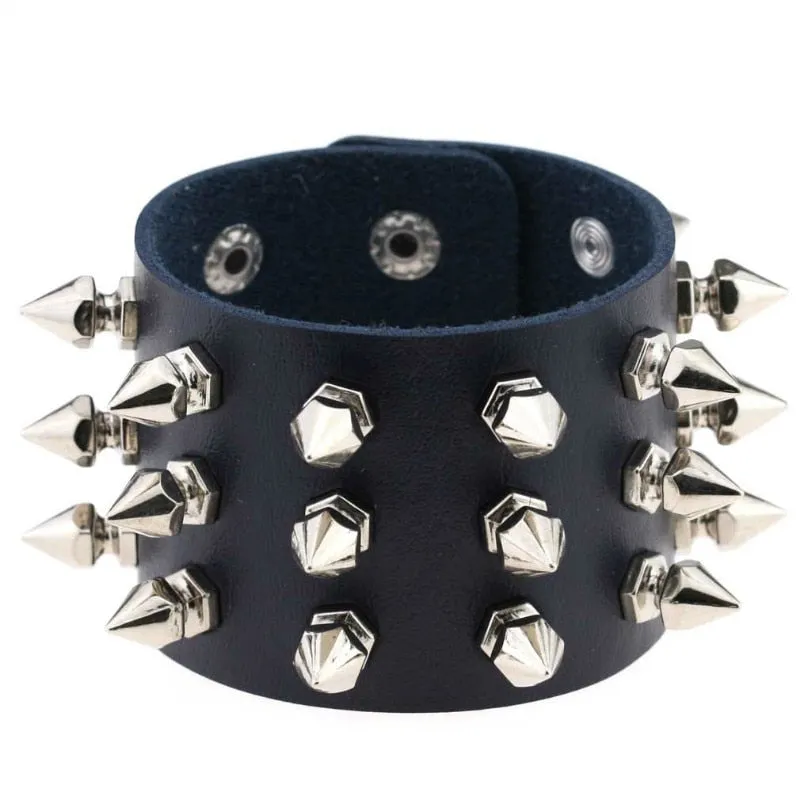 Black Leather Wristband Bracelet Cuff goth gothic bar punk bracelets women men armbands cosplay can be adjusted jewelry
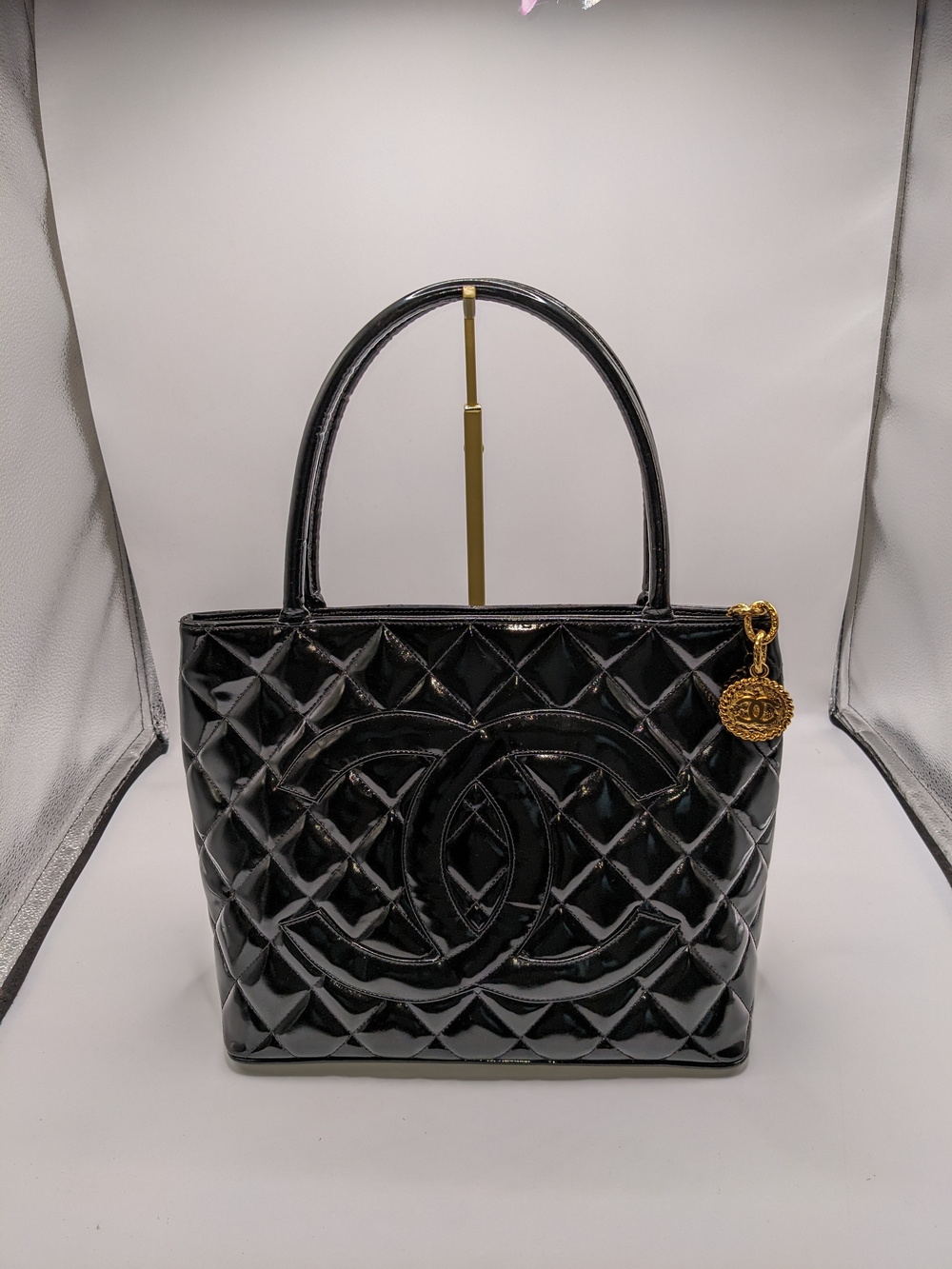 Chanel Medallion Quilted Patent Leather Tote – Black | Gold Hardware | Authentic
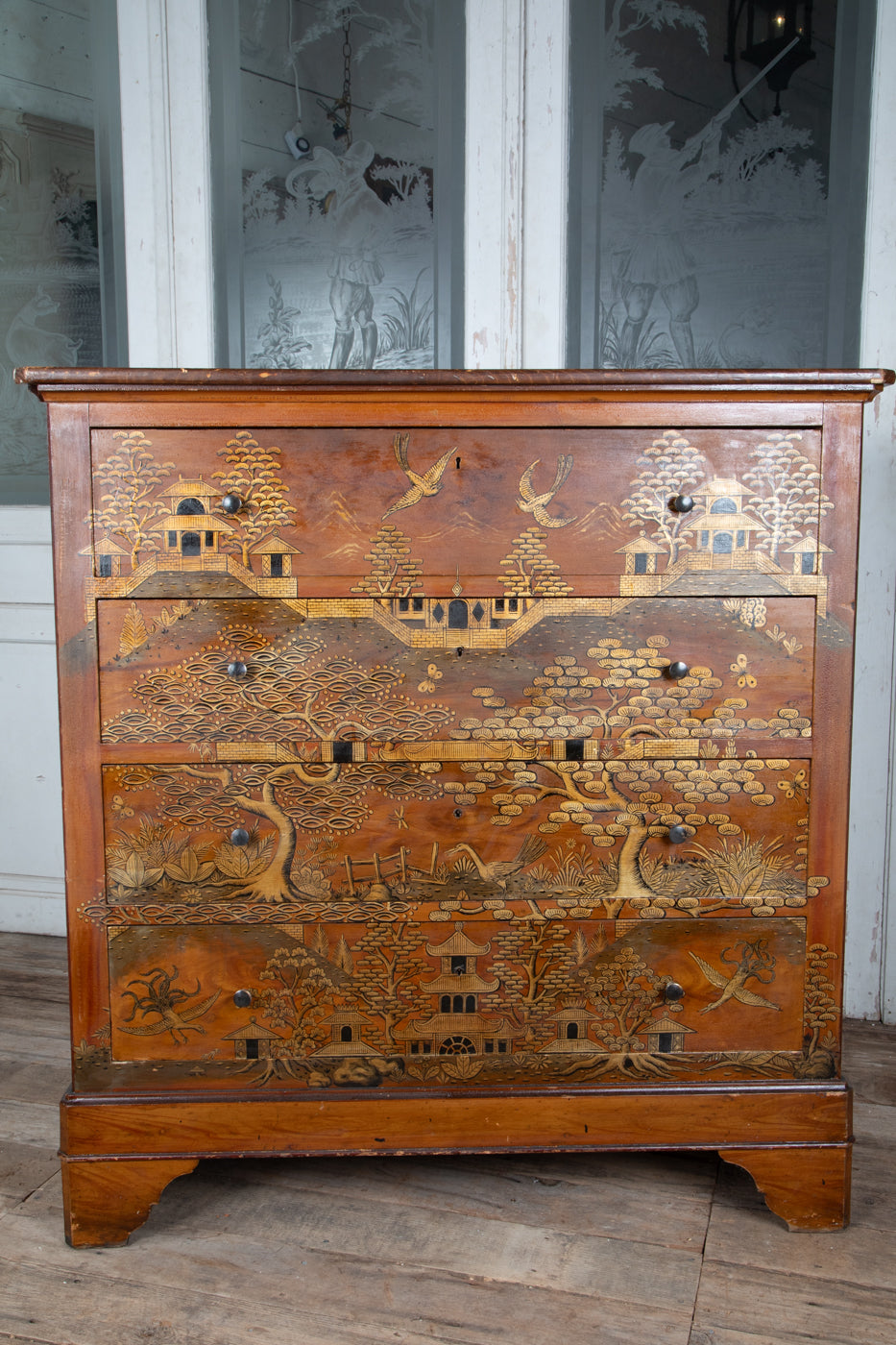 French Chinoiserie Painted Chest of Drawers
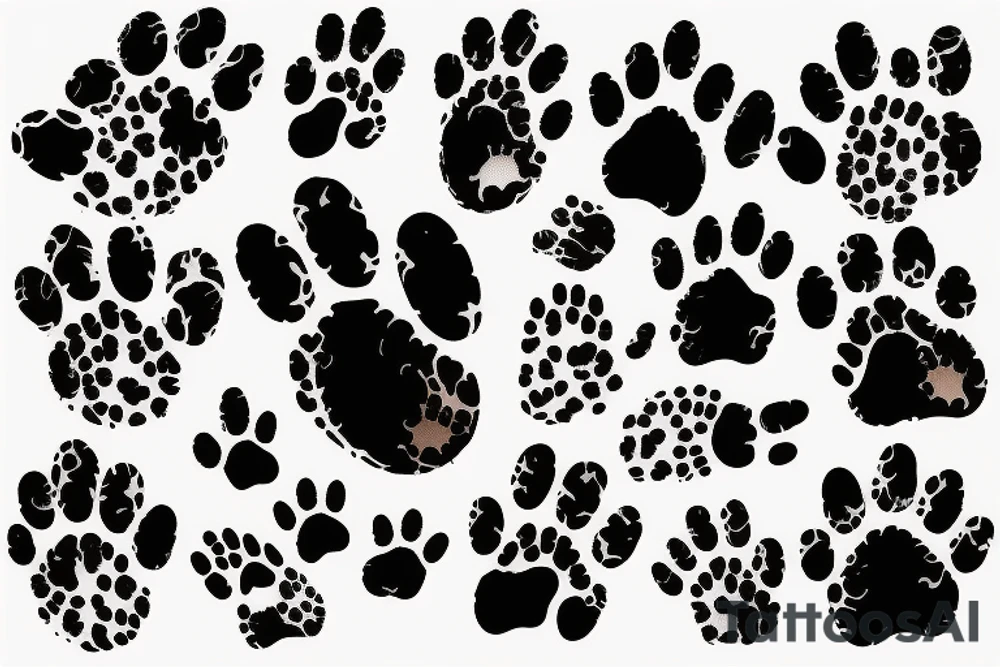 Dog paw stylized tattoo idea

◆ ◆ ◆

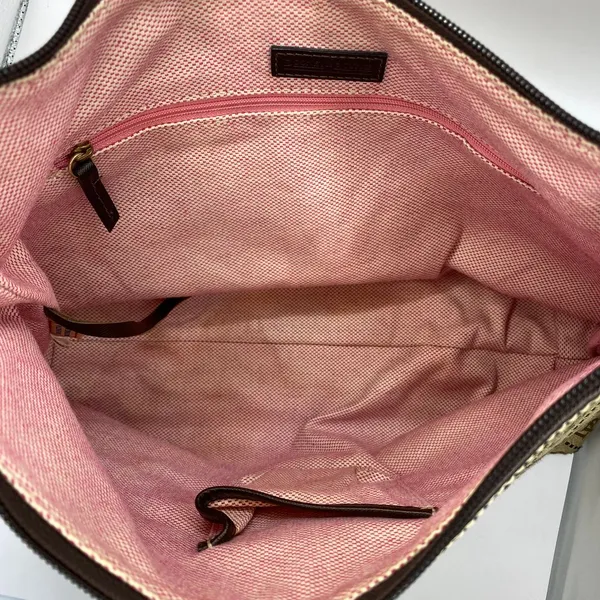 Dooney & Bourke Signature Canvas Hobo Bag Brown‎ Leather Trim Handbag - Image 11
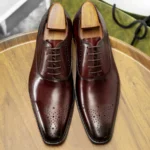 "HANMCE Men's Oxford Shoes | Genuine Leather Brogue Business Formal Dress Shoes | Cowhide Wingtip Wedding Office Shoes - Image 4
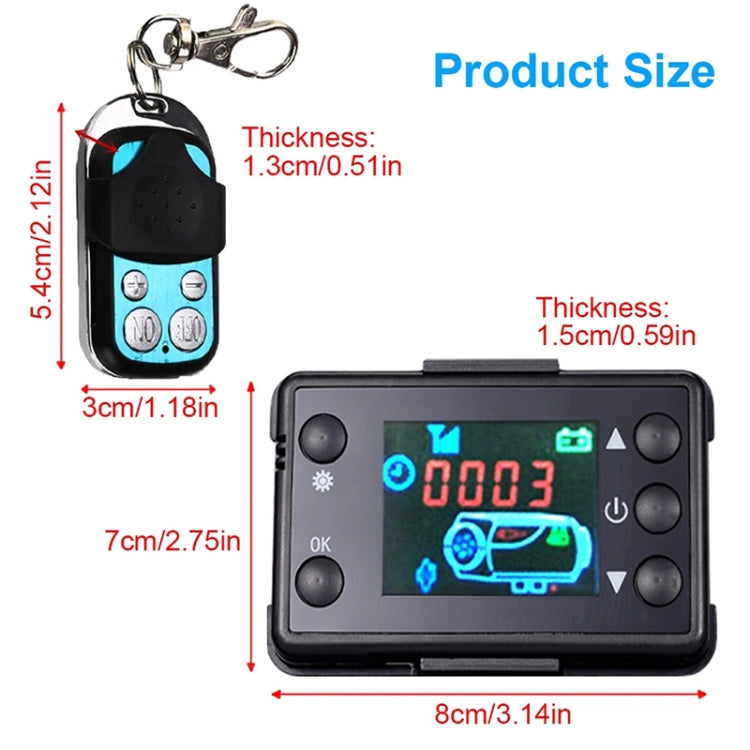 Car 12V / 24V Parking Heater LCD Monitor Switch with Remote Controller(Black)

◆ ◆ ◆

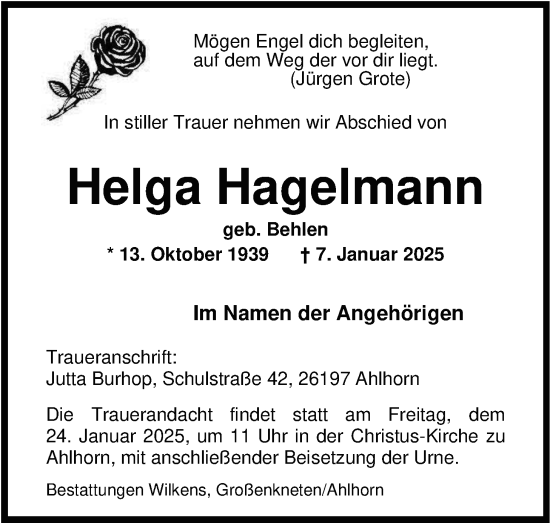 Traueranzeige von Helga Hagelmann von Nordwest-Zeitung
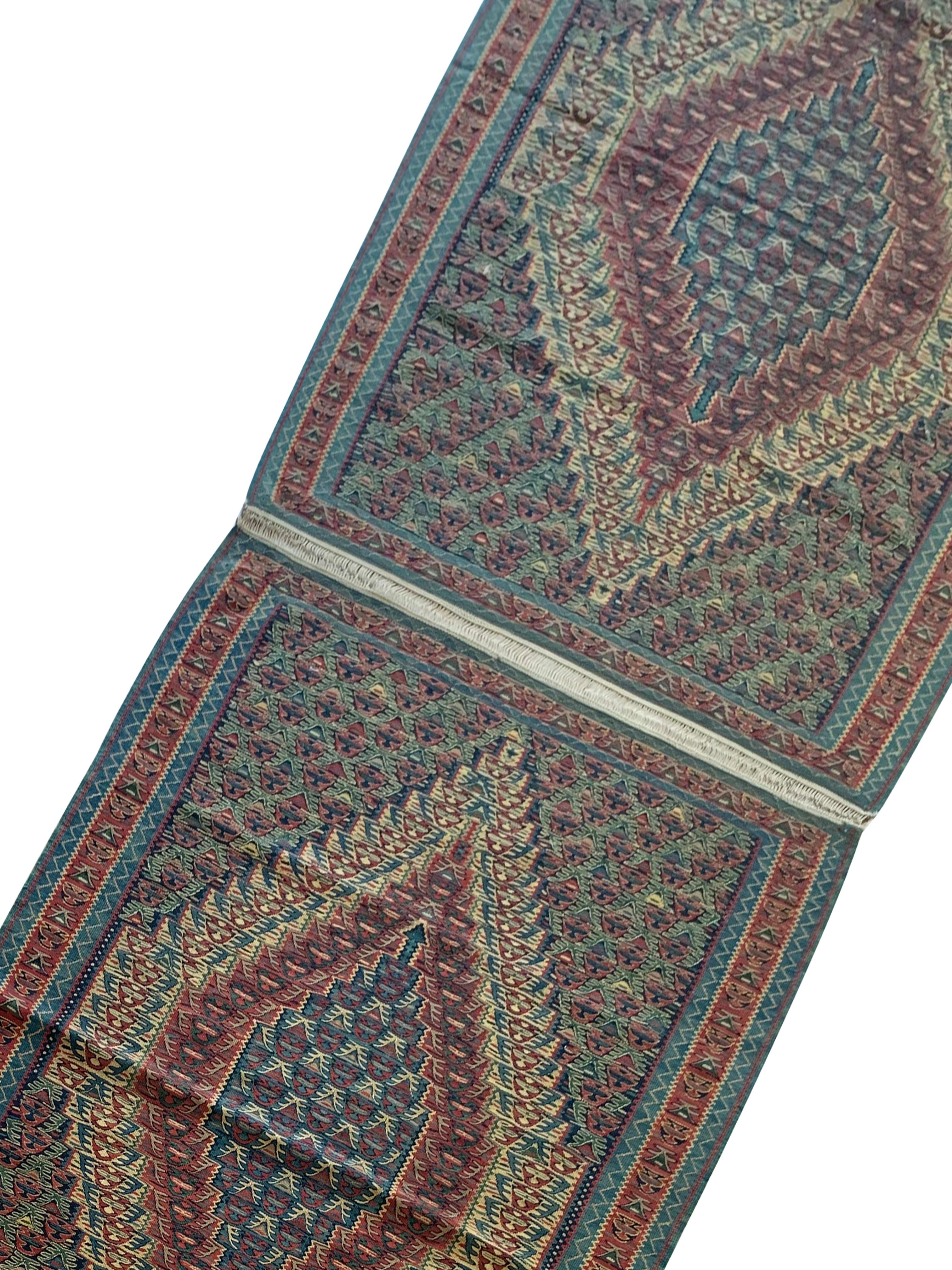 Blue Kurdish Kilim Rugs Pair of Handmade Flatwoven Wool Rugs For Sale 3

◆ ◆ ◆

**What you need to do:** Reproduce the data above exactly, but only the lines from the one showing "Traueranzeige von Helga" through the one showing "Blue Kurdish Kilim", with both ends kept and the pictures left out.

**Completed exercise:**
 Traueranzeige von Helga Hagelmann von Nordwest-Zeitung
 Blue Kurdish Kilim Rugs Pair of Handmade Flatwoven Wool Rugs For Sale 3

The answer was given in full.